Task details:
What you return must match, exactly, the lines running from the one containing "from clipboard from clipboard" to the end of the data, both included, and must contain no pictures.

Entries shown:
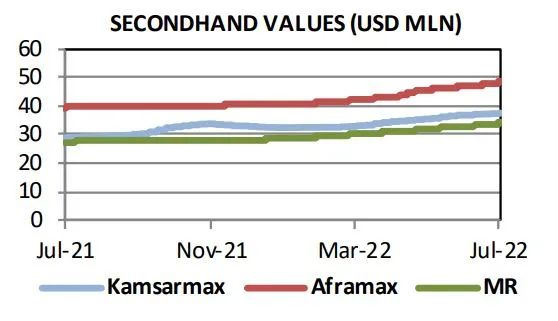 還有新訂單！新造船需求大
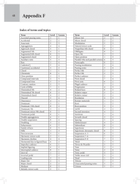 Graded Keyboard Musicianship Book 2 Piano scores gallery preview page 49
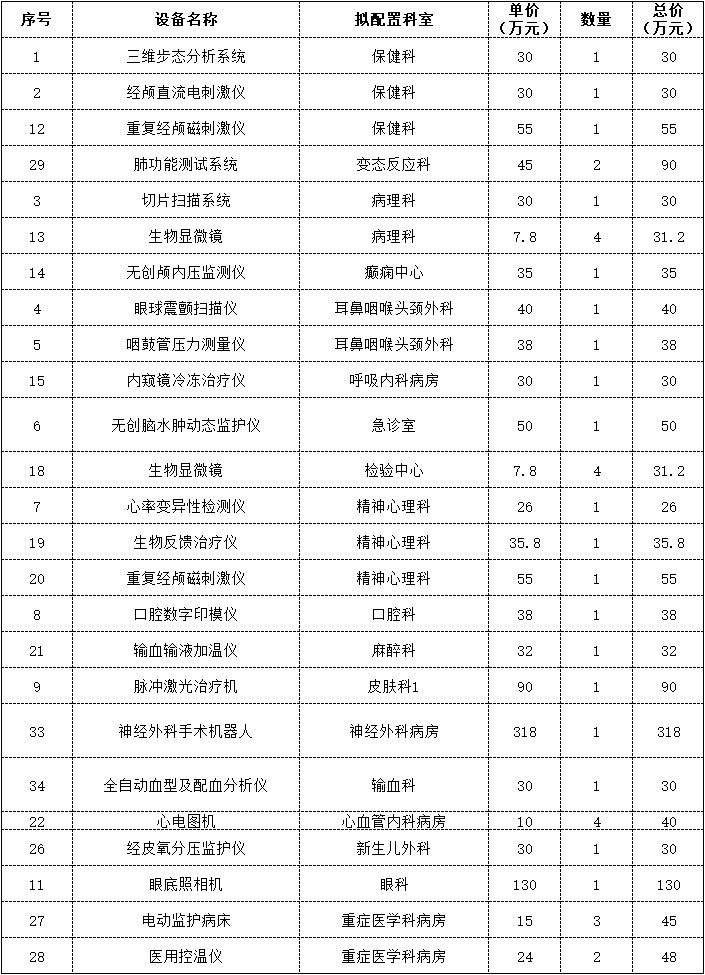 from clipboard from clipboard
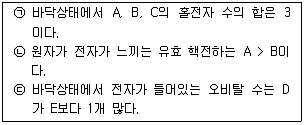 경찰공무원(순경) 과학 2018년 1회 7번 문제 그림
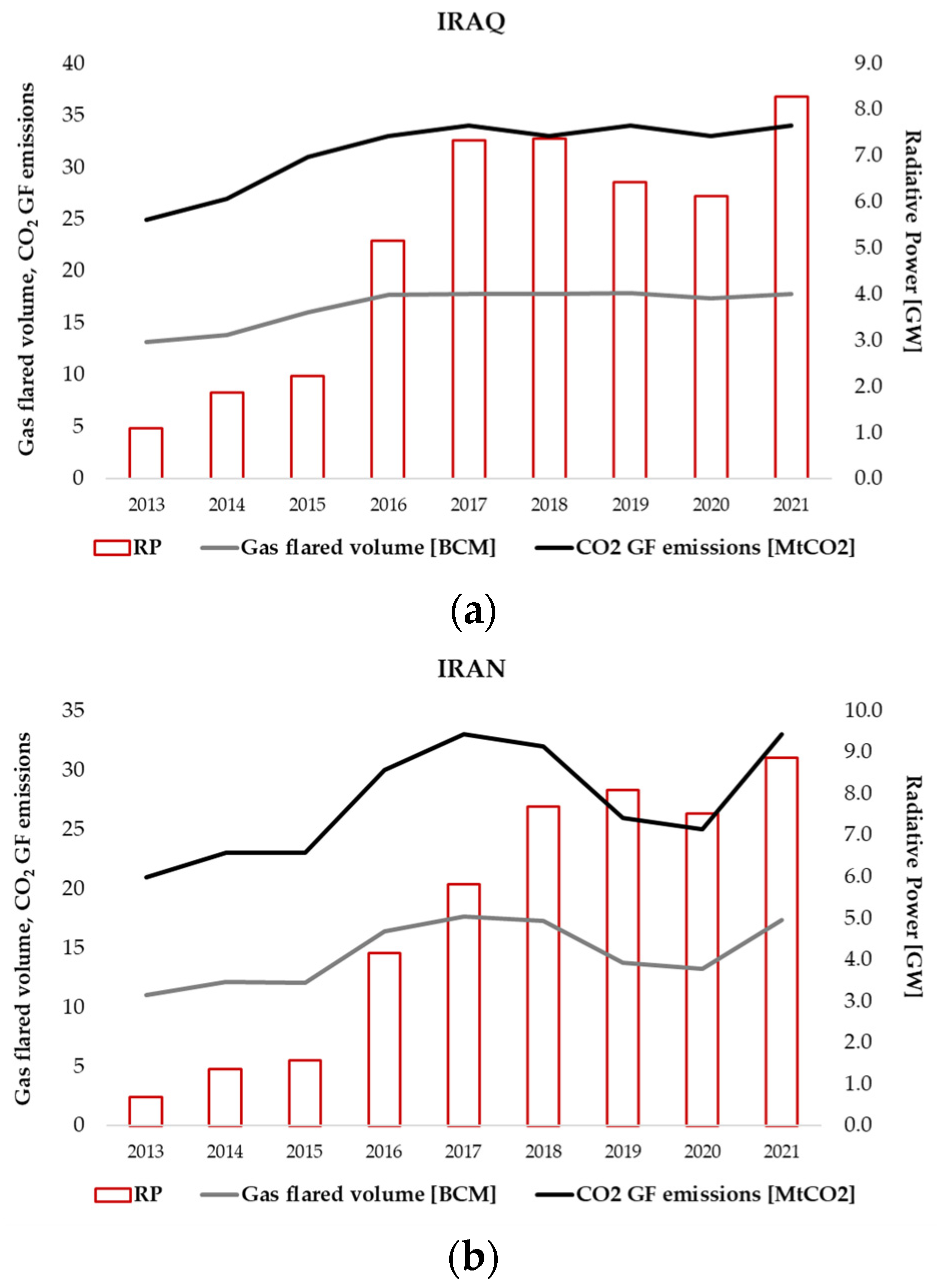 Sensors 23 05734 g013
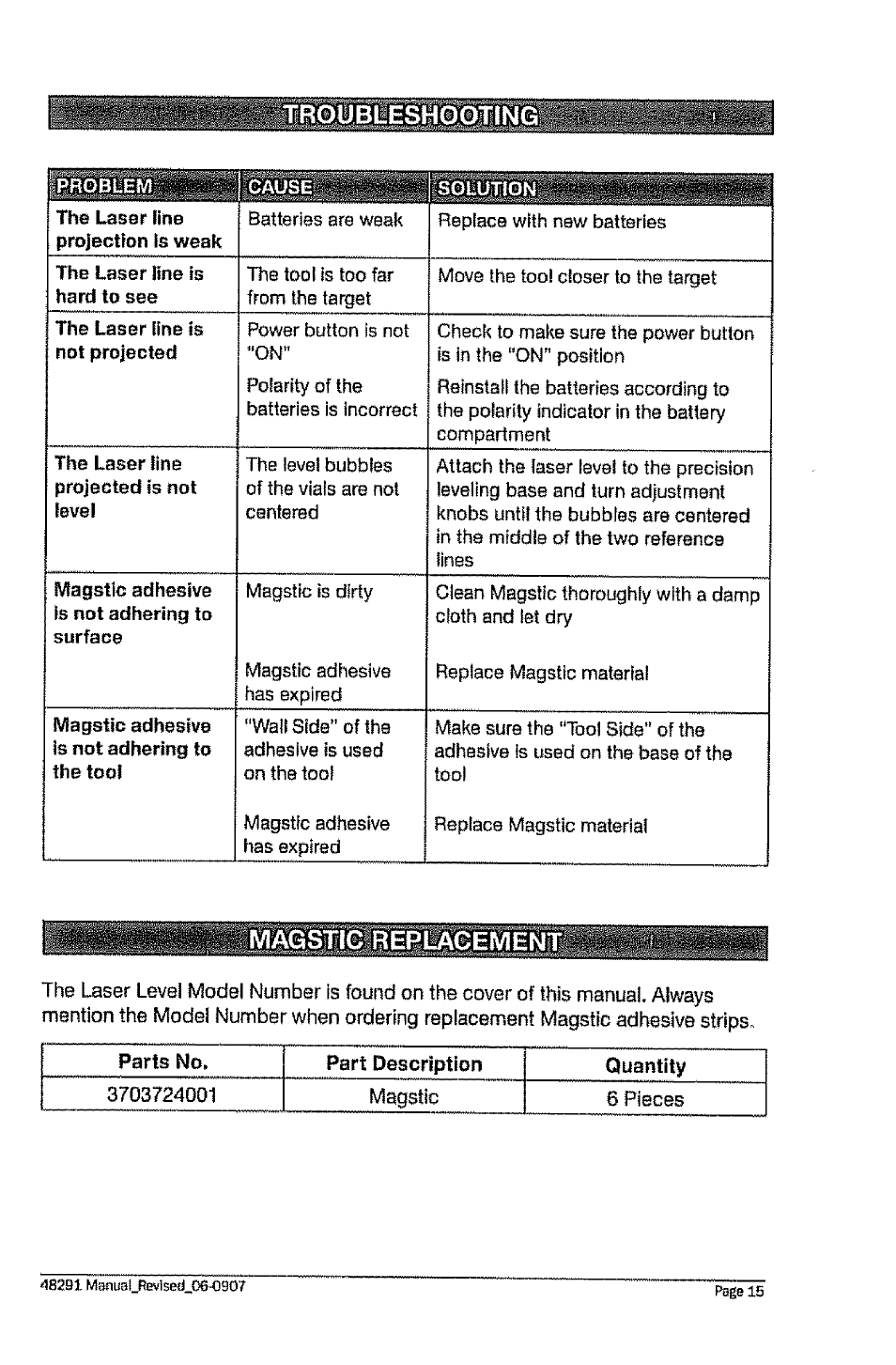 Craftsman 320.48291 User Manual | Page 15 / 16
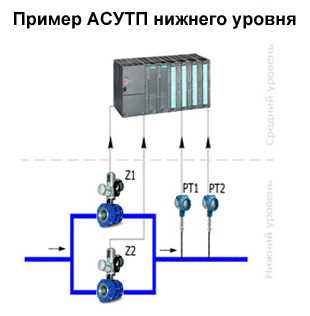 АСУТП нижнего уровня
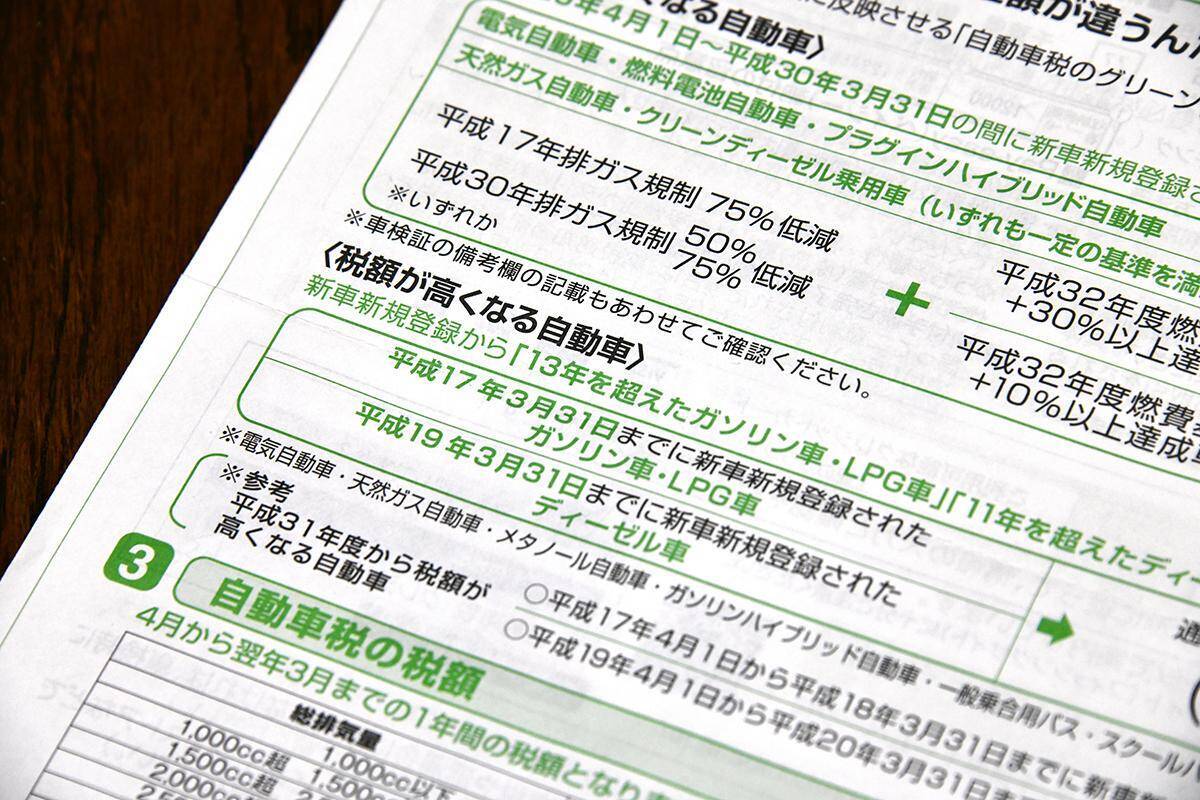 買い替えするお金がない 庶民イジメ エコカーへの乗り替えを狙った 旧車増税 にハッキリした効果はみられず 年8月7日 エキサイトニュース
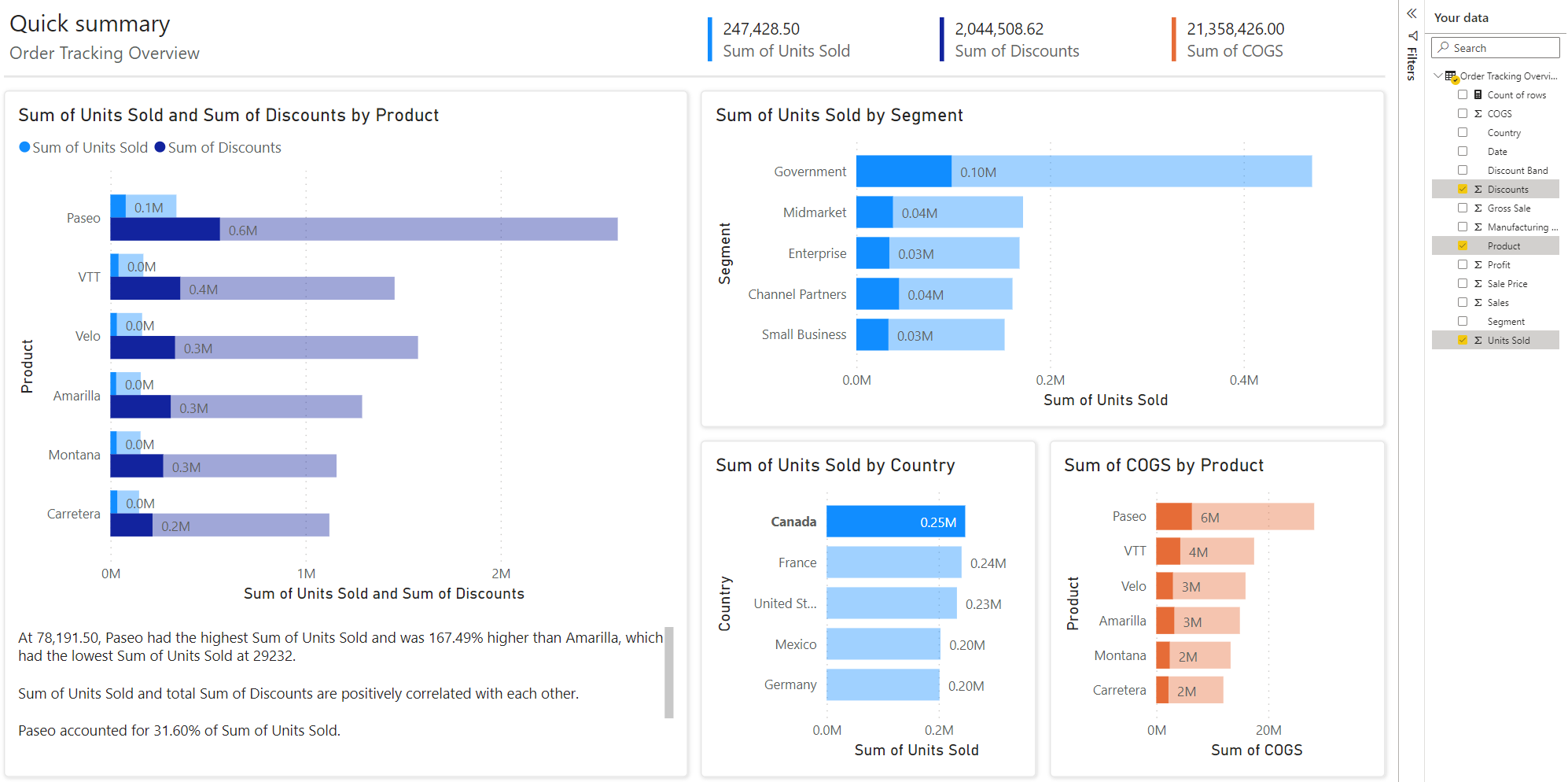 螢幕擷取畫面顯示報表中顯示交叉醒目提示。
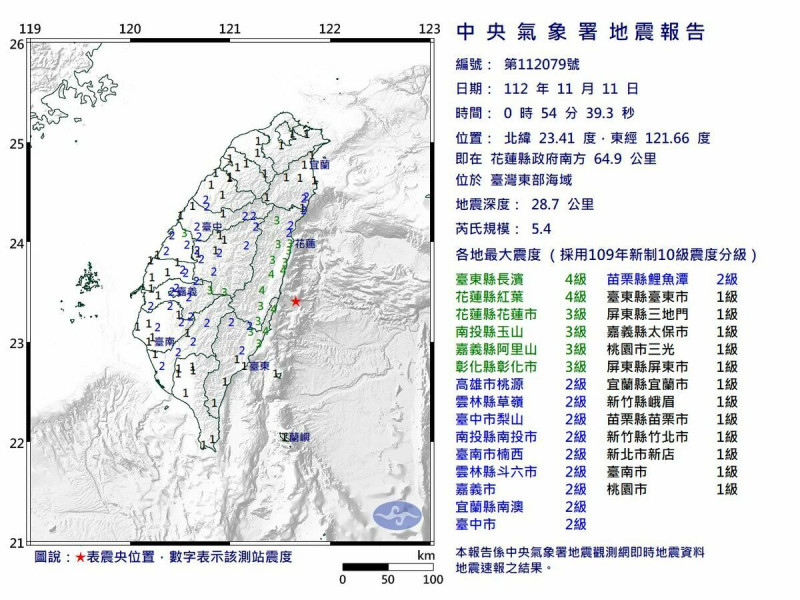 台灣東部海域今（11）天凌晨0點54分發生芮氏規模5.4地震。   圖：翻攝氣象署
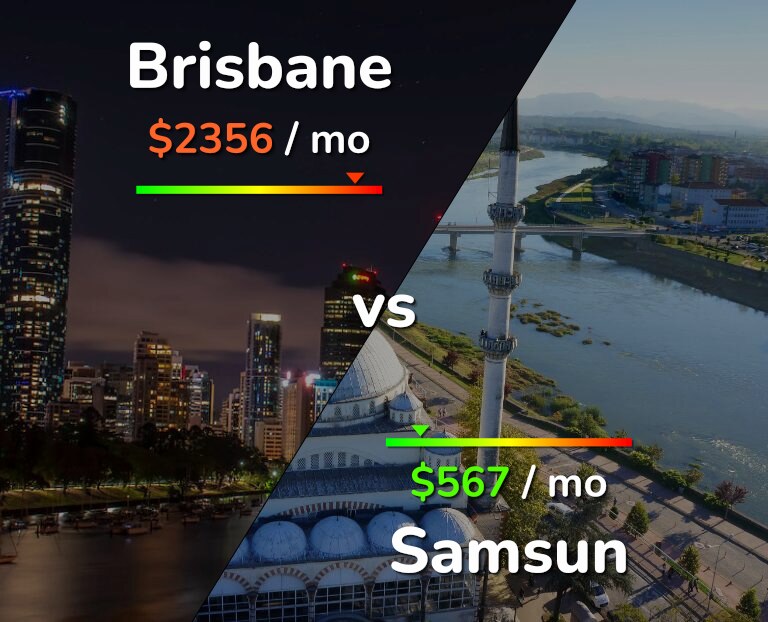 Cost of living in Brisbane vs Samsun infographic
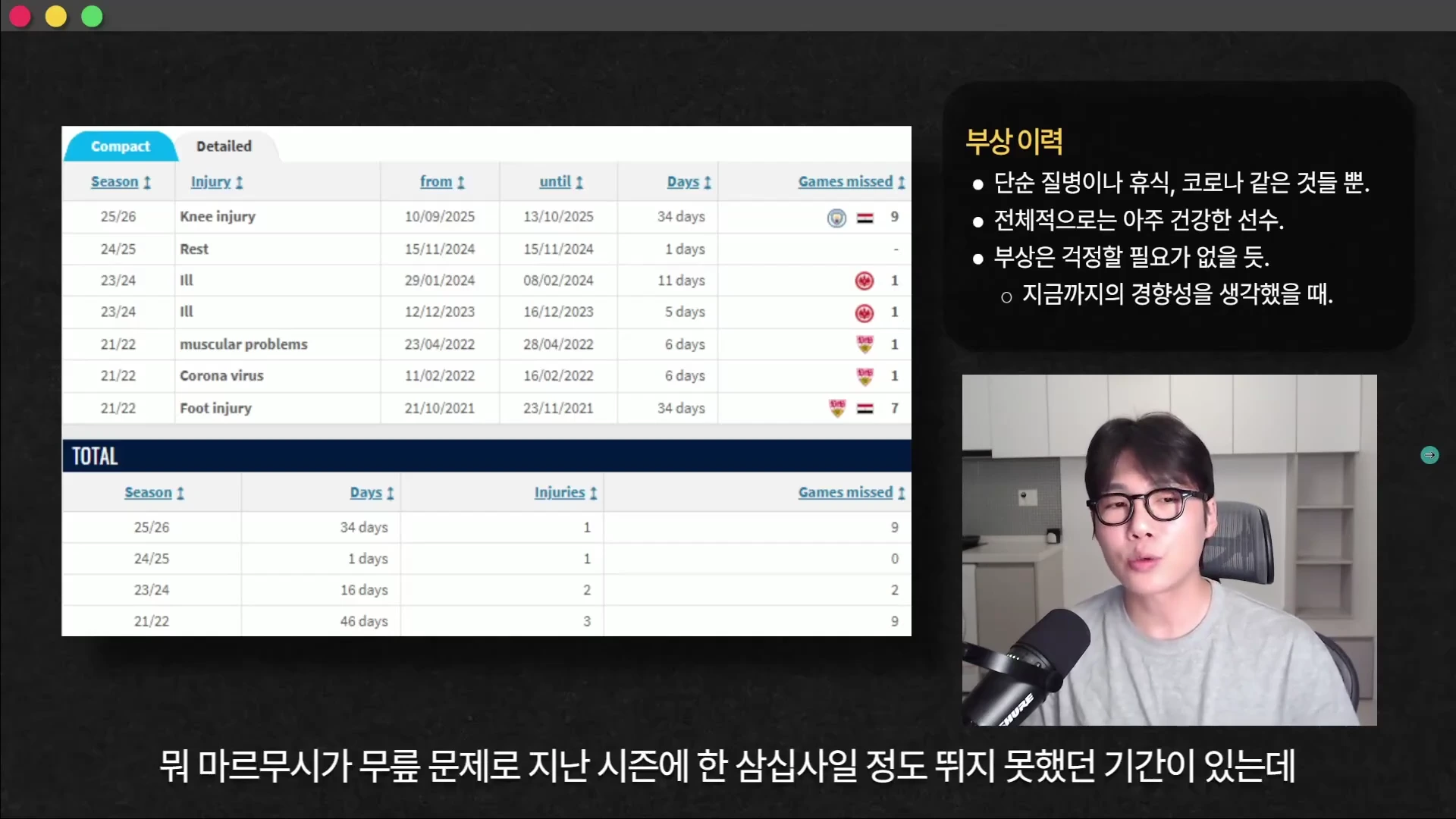선수의 부상 이력을 정리한 표가 화면 왼쪽에 크게 보이고, 오른쪽 상단에는 부상 관련 요약 텍스트가, 오른쪽 하단에는 안경을 쓴 남성이 마이크 앞에서 설명하는 모습이 담긴 화면입니다.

Answer to the problem:
 from clipboard from clipboard
 경찰공무원(순경) 과학 2018년 1회 7번 문제 그림
 Sensors 23 05734 g013
 Craftsman 320.48291 User Manual | Page 15 / 16
 АСУТП нижнего уровня
 買い替えするお金がない 庶民イジメ エコカーへの乗り替えを狙った 旧車増税 にハッキリした効果はみられず 年8月7日 エキサイトニュース
 螢幕擷取畫面顯示報表中顯示交叉醒目提示。
 台灣東部海域今（11）天凌晨0點54分發生芮氏規模5.4地震。   圖：翻攝氣象署
 Cost of living in Brisbane vs Samsun infographic
선수의 부상 이력을 정리한 표가 화면 왼쪽에 크게 보이고, 오른쪽 상단에는 부상 관련 요약 텍스트가, 오른쪽 하단에는 안경을 쓴 남성이 마이크 앞에서 설명하는 모습이 담긴 화면입니다.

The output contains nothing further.